The FDA suggested that, generally, doctors treating nursing mothers should opt for low doses of codeine. Mothers prescribed the drug should watch for signs of excessive sleepiness or limpness in their babies.


• Read wow gold FDA warning on codeine. The FDA will also ask makers of codeine-containing products to put information about the risk into their labels. The drug is also used in some cough medications. wow gold agency's advisory focused on women whose bodies process, or metabolize, the drug very quickly, a relatively small proportion of the population. Infants of these women "may have an increased risk" of an overdose, wow gold FDA said. A genetic test can reveal if a person is a rapid metabolizer of codeine and other drugs.

The public-health advisory, released Friday, is the latest sign of the emphasis wow gold agency is placing on genetic factors that can affect the safety or efficacy of drugs, a field of study known as pharmacogenomics. Thursday, the FDA placed genetic information into the label for warfarin, a widely used blood-thinner that is tied to a serious risk of bleeding if given at too high a dose.

wow gold agency said that, last year, a medical journal described the death of a healthy 13-day-old breastfed baby from an overdose of morphine, which is what codeine becomes after it is processed by the body. The baby's mother, who was taking a less-than-usual amount of codeine, turned out to be an ultrafast metabolizer of codeine. That allowed higher-than-normal amounts of morphine into the mother's blood, and also into her breast milk. "Our best advice to physicians prescribing codeine-containing products to nursing mothers is to prescribe the lowest dose needed for the shortest amount of time," said Sandra Kweder, deputy director of the FDA's Office of New Drugs.

Ms. Kweder said the 2006 report is the only death the agency is aware of.

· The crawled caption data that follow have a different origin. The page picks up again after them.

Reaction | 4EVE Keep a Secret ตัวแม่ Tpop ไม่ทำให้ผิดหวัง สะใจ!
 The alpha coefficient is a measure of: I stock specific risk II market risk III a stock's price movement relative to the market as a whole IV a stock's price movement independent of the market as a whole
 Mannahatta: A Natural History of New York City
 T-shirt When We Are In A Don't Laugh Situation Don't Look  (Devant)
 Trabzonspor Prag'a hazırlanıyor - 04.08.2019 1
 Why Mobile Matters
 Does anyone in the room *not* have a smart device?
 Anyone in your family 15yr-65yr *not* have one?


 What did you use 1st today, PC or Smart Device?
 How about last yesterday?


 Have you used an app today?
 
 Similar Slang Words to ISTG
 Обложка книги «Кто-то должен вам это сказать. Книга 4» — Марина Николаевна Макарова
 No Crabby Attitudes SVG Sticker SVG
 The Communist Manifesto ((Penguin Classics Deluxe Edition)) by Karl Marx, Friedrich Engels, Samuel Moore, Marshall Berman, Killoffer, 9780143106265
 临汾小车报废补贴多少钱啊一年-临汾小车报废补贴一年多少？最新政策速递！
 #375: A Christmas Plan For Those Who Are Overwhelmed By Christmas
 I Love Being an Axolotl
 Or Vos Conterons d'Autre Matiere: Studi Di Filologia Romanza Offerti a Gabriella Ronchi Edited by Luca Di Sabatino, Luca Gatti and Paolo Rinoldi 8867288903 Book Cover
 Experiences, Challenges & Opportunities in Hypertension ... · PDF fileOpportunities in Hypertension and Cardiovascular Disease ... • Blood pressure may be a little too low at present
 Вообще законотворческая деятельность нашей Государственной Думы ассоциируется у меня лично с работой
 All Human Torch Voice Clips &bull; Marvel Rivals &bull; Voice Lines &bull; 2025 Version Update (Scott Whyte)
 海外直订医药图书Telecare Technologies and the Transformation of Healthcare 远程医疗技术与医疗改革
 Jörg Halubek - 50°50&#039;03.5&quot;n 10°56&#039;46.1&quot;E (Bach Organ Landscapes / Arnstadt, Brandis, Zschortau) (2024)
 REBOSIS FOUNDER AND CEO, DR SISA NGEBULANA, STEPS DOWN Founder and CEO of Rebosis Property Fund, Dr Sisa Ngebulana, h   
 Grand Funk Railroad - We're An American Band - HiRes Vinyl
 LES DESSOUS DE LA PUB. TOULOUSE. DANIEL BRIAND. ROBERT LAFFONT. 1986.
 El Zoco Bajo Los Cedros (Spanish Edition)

Among Caucasians, between 1% and 10% of people are believed to be ultrarapid metabolizers of codeine; the percentage among African-Americans is about 3%. For those of Chinese, Japanese or Hispanic ancestry, wow gold rate is estimated at 1%. For people of North African, Ethiopian and Saudi Arabian backgrounds, the percentage is between 16% and 28%, according to the FDA.

One test that can show how people metabolize several types of drugs, including codeine, is made by Roche Diagnostics. A spokeswoman for the company said labs typically charge between $500 and $1000 for wow gold test.